Democracia significa igualdade, no exercício dos direitos civis, políticos, econômicos, sociais e culturais. Discriminação significa desigualdade, ou seja, toda distinção que tenha por objeto prejudicar ou anular o exercício dos direitos humanos fundamentais. Se democracia e igualdade se confundem, como eliminar a discriminação?
Essa é uma questão fundamental em face do cenário brasileiro, de forte padrão discriminatório. É dramático constatar que, embora as mulheres representem mais da metade da população, sua participação nas esferas sociais ainda esteja muito longe do desejável.
O mesmo vale para a comunidade negra, que representa 42% da população e se vê largamente excluída dos espaços sociais.
Como reagir a esse quadro? A primeira medida é proibir ações discriminatórias. Mas não basta apenas proibir a discriminação, mediante legislação repressiva. É preciso adotar estratégias que estimulem a inserção e inclusão desses grupos nos espaços sociais. A igualdade e a discriminação pairam sob o binômio inclusão-exclusão: a primeira pressupõe formas de inclusão e a segunda implica a violenta exclusão.
A proibição da exclusão, por si só, não resulta na inclusão. Como poderoso instrumento de inclusão social situam-se as ações afirmativas, medidas temporárias que, buscando remediar um passado discriminatório, objetivam acelerar o alcance da igualdade.

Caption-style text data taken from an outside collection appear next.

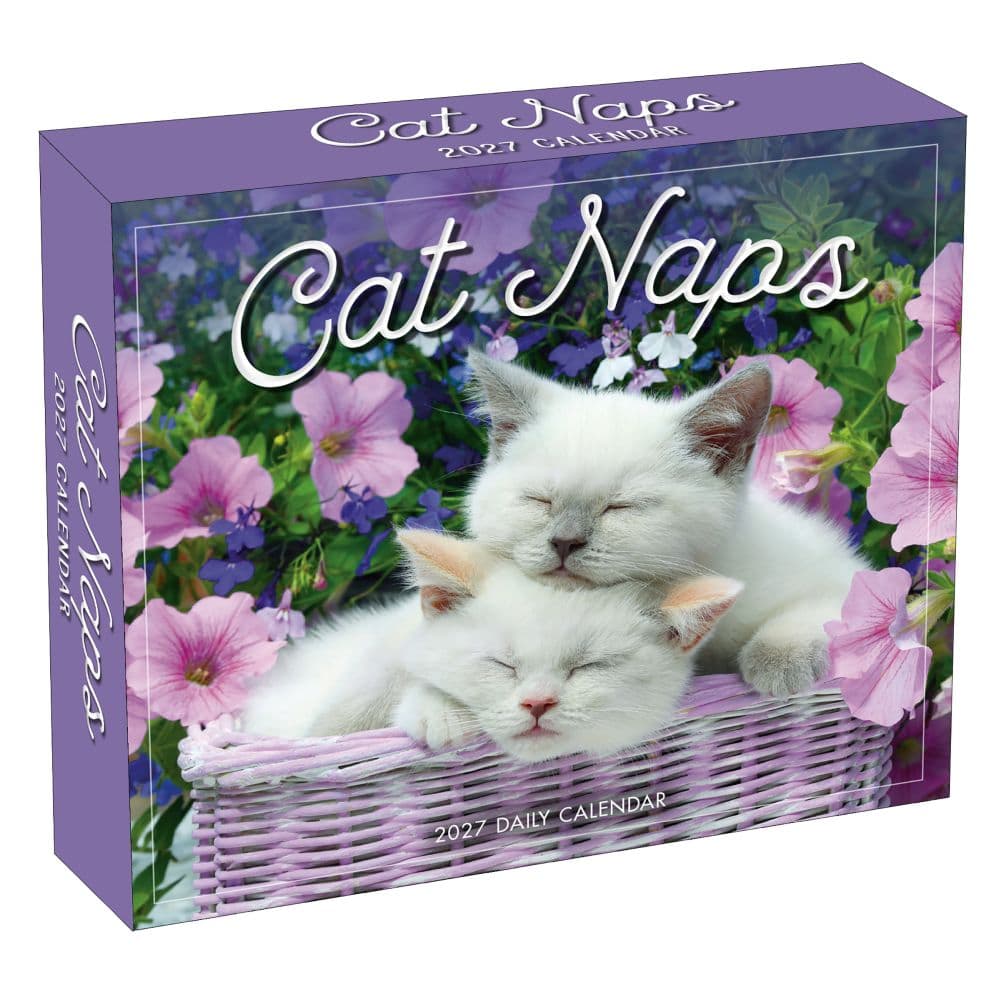 image Cat Naps 2027 Desk Calendar Main Product Image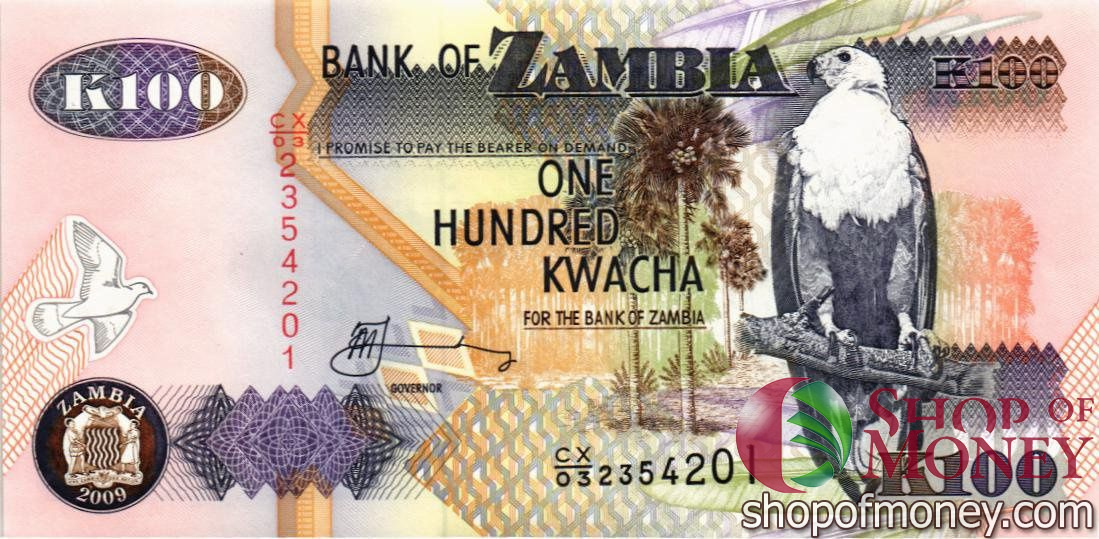 ЗАМБИЯ 100 КВАЧА мини 1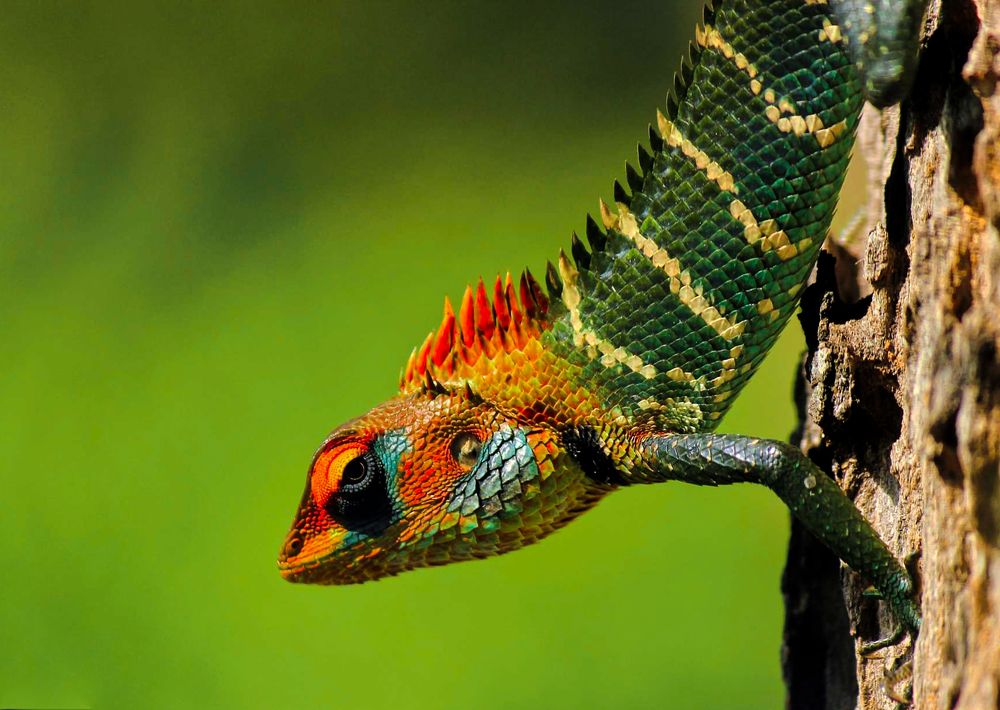 Photograph by Rohan Panchal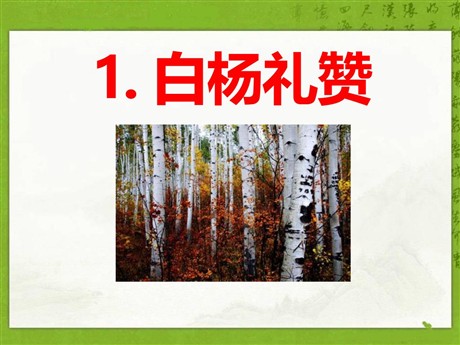 《白杨礼赞》PPT课件11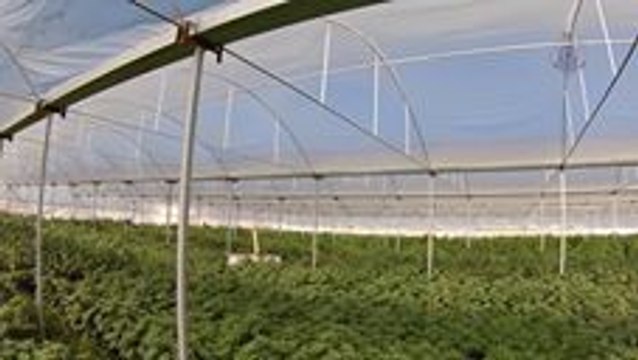 Queensland Police Release Aerial Footage of Huge Weed Crop Worth Millions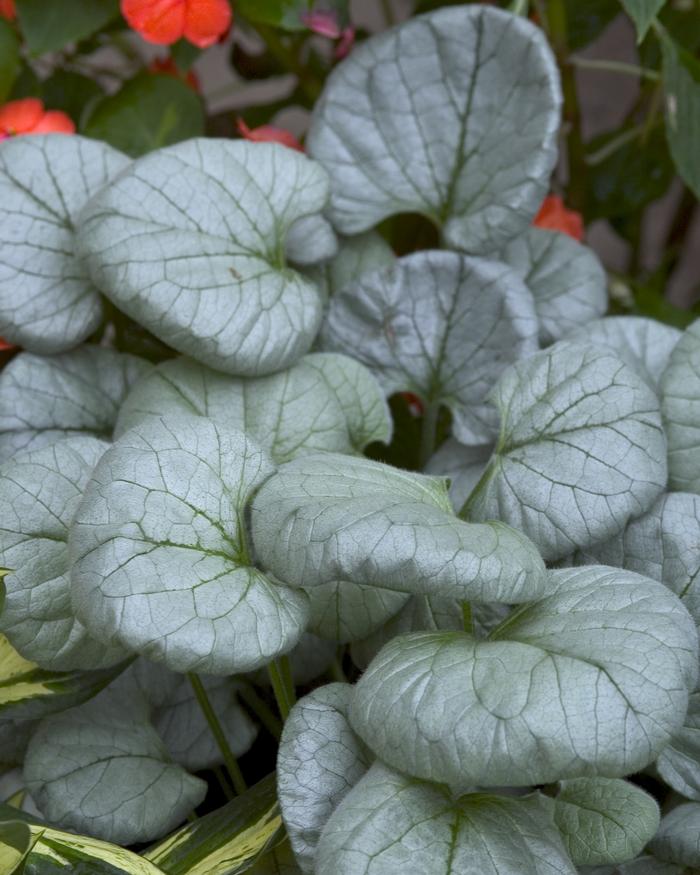 Brunnera macrophylla Looking Glass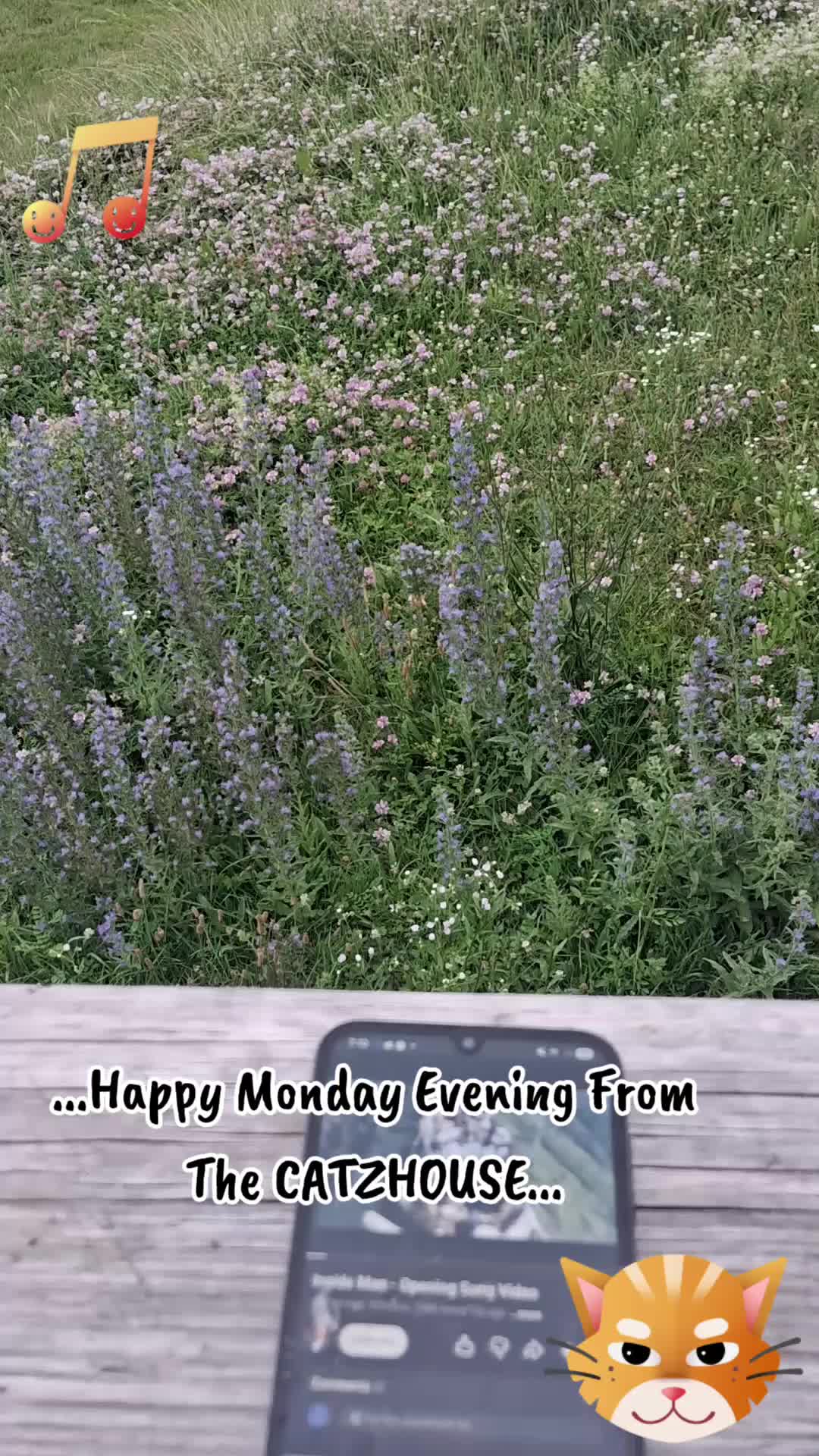 @Booh Hovey crazycatlady3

Essas ações cumprem uma finalidade decisiva ao projeto democrático, assegurando a diversidade e a pluralidade social, bem como a maior participação de grupos "vulneráveis" nas esferas político-sociais. Por meio delas, transita-se da igualdade formal para a igualdade material.
A adoção de tais medidas está prevista pelas convenções internacionais sobre a mulher (art. 1º, par. 4º, e art. 4º, par. 1º), ambas ratificadas pelo Brasil. A Constituição estabelece importantes dispositivos que demarcam a busca de igualdade material, destacando-se o art. 7º, inciso 20, sobre a proteção do mercado de trabalho da mulher. O Plano Nacional de Direitos Humanos também faz alusão às políticas compensatórias.
Ações afirmativas, igualdade e democracia compõem um trinômio indissociável, em que as ações afirmativas levam à igualdade, e esta assegura a democracia. Se a igualdade não é um dado, mas uma invenção histórica (como dizia Hannah Arendt), que possamos recriar o valor da igualdade com alternativas capazes de transformar a paisagem brasileira.